The phenomenon of the messy room, like the common cold, seems to be an issue that all parents face sooner or later. More arguments in the family seem to be a result of this problem than almost any other challenge experienced by parents.
Confrontations about "messy rooms" start with one of the parents saying something like this. "John, look at this disaster region, known as your bedroom. If you can't keep this little room cleaned how do you expect to keep an ordered house when you grow up? Clean up this room, now!"
John will probably respond with something like this. "What's your problem? It's my room, isn't it? You don't have to live in it. I should be able to keep it any way I want."
With the stage set, this particular skirmish for control of room appearance can escalate to a full-blown battle. This battle can become so intense that both parents and children seem to forget the reason for the conflict. Parents, who have had a good relationship with their child before this battle began, report that a wall between them and their child was built during this conflict that affected overall communication in the family.
To gain some understanding of this "problem" let me quote a prominent child psychiatrists, Dr. Foster Cline. He states that when adults stay in a motel room for a few days the room starts to look just like a kid's room. "It's that old problem of having to little room for the amount of stuff we like to have," he explains. If the child's messy room is just a natural consequence of a lot in a small place, the child may be just as frustrated with a messy room as the parents are.
Dr. Cline also states that studies do not support any connection between how children keep their rooms and how they eventually keep their homes. However, there appears to be a connection between how parents keep their part of the house and how children take care of their homes when they grow up.
Because of this information Dr. Cline suggests that parents "loosen up" about demanding perfect rooms and spend more time being a good model by picking up after themselves. This advice is not the advice that parents want to hear. Parents would rather be messy while demanding that their kids be neat. But when you stop to think about it, it does seem a little silly to expect our children to be neater than we are. To make life more livable for the parent of a "Messy Teenager" the following ideas are listed:
· Make a deal with your child. The deal could be stated something like this. "We'll stop nagging you about your room if you agree not to trash the rest of the house."
· So that the child's messy room does not bother you ask your children to keep the door to his/her room closed when you have company over.
· When the room is in such a condition that you cannot stand it anymore, do not demand that it be cleaned right away.

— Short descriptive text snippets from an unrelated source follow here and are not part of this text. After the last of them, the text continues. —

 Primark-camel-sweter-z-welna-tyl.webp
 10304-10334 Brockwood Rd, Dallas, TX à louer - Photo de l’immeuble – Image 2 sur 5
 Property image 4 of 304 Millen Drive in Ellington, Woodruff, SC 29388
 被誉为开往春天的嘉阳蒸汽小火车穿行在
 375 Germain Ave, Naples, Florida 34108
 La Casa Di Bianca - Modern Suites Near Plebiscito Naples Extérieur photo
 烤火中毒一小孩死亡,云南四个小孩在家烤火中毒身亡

Give your child a time limit. "Is it possible to have you room cleaned by Saturday?" or those who have their room cleaned by Saturday at 10:00 am will be going skating with us." (As soon as your child knows you keep your word, things should become calmer.")
· Help your child individualize their room. (As long as it meets with your approval.) The more they can control paint color, furniture, etc. the more likely they are to take pride in their room. They could draw up floor plans and make a list of changes, accessories, and etc. that they would like to see in their room. Some of this individualization will take money. You may want to help them with "matching funds". This is a good way to help them learn to be responsible individuals.

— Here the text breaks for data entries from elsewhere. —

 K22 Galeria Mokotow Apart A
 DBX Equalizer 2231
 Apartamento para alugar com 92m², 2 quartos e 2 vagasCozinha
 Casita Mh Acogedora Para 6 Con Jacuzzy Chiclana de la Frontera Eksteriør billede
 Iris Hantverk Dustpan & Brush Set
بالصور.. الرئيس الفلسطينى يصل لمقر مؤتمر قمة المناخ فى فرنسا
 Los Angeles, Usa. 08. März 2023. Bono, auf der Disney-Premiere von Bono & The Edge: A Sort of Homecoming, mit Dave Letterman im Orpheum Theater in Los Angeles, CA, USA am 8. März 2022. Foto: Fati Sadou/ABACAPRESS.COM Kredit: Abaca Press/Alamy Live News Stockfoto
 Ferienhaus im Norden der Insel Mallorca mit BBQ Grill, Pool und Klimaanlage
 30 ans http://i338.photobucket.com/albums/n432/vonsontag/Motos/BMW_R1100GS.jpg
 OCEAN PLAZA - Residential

You may dream of the day that your child's room is neat and tidy. But dreams change as kids and parents "grow up." When your kids are no longer around to "trash" their rooms you may dream about the "good old days" when they were there.
The main thing is to keep the main thing the main thing. Your relationship with your child, in the long run, is much more important than a clean room. If you have to choose between a messy room and a good relationship with your child, chose a good relationship with your child. Even if it's hard, learn to ignore the messy room.